[RECORDS SHOWN Boundary: Start]

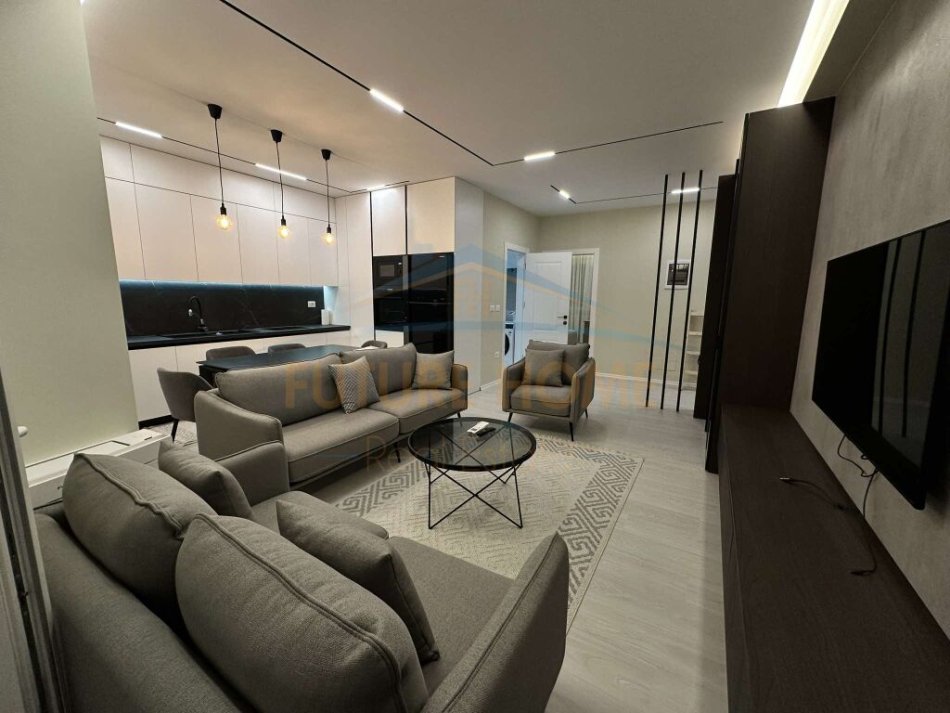 Tirane, jepet me qera apartament 2+1 Kati 2, 104 m² 900 € 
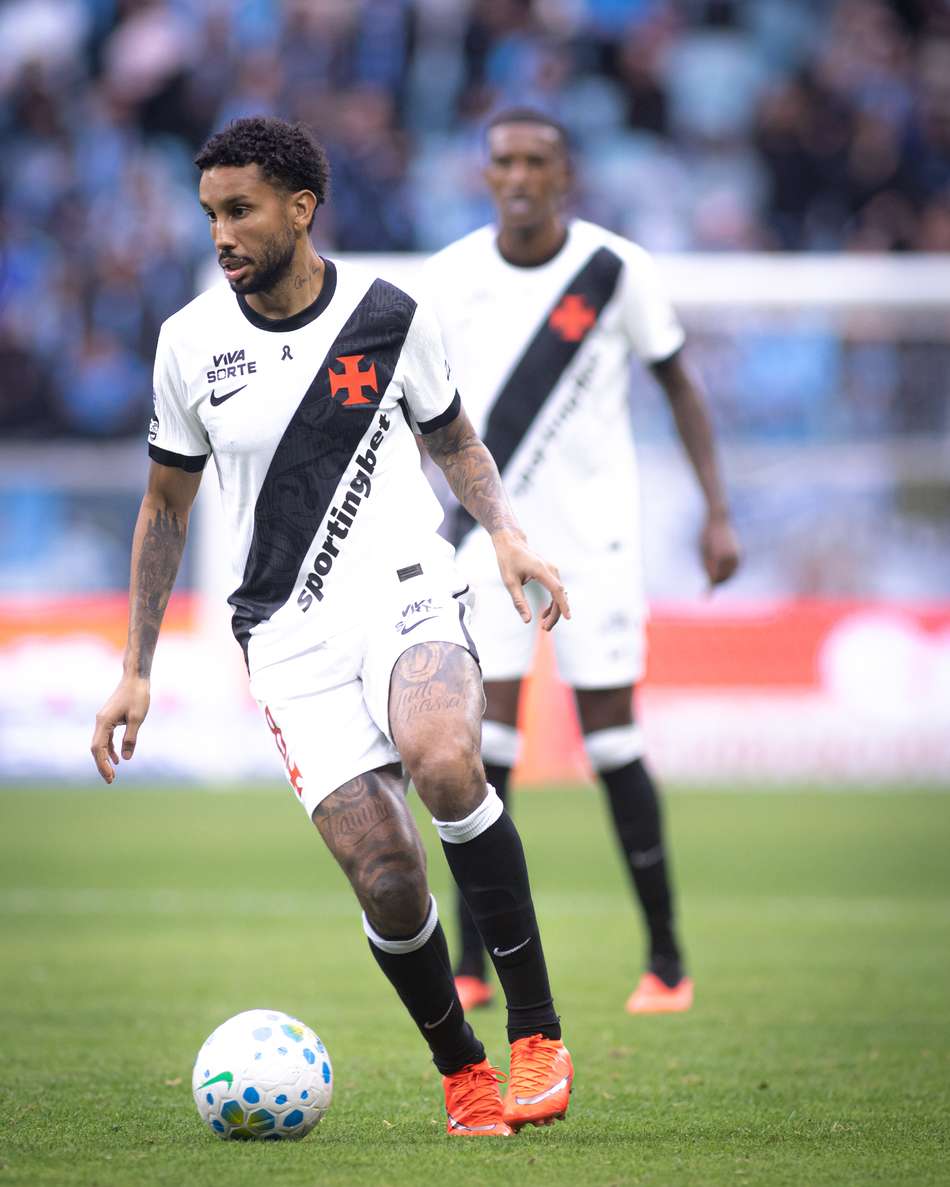 Vasco busca renovar vínculos com meias Ramon Rique e Jair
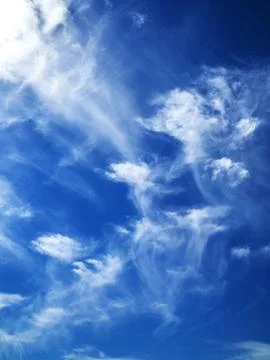 Beautiful sky with curly clouds. Stockfoto's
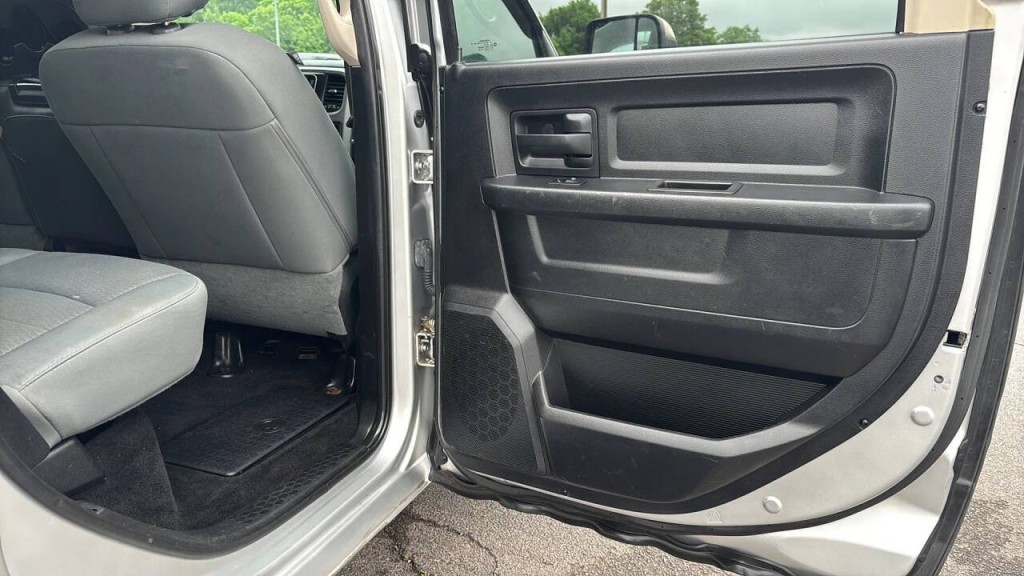 2014 RAM 3500 Image 12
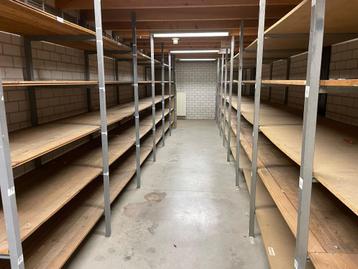 garage / magazijn stelling, totaal +/- 40m beschikbaar voor biedingen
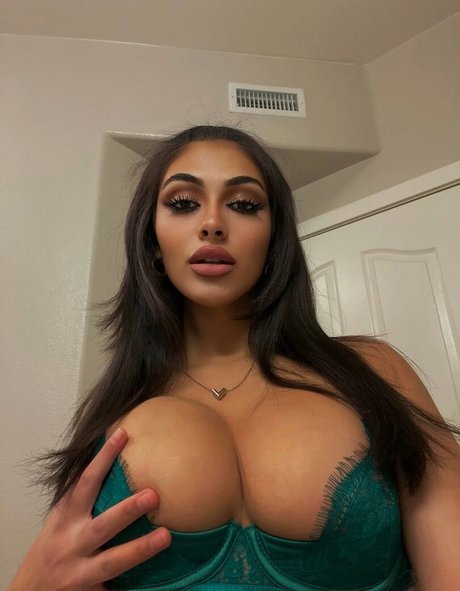 Nahá fotka uniklých OnlyFans od Parker Abbott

[RECORDS SHOWN Boundary: End]

**TRY IT:**
Leave the pictures out and transcribe the remaining material exactly.

**THE ANSWER:**
 Tirane, jepet me qera apartament 2+1 Kati 2, 104 m² 900 € 
 Vasco busca renovar vínculos com meias Ramon Rique e Jair
 Beautiful sky with curly clouds. Stockfoto's
 2014 RAM 3500 Image 12
 garage / magazijn stelling, totaal +/- 40m beschikbaar voor biedingen
 Nahá fotka uniklých OnlyFans od Parker Abbott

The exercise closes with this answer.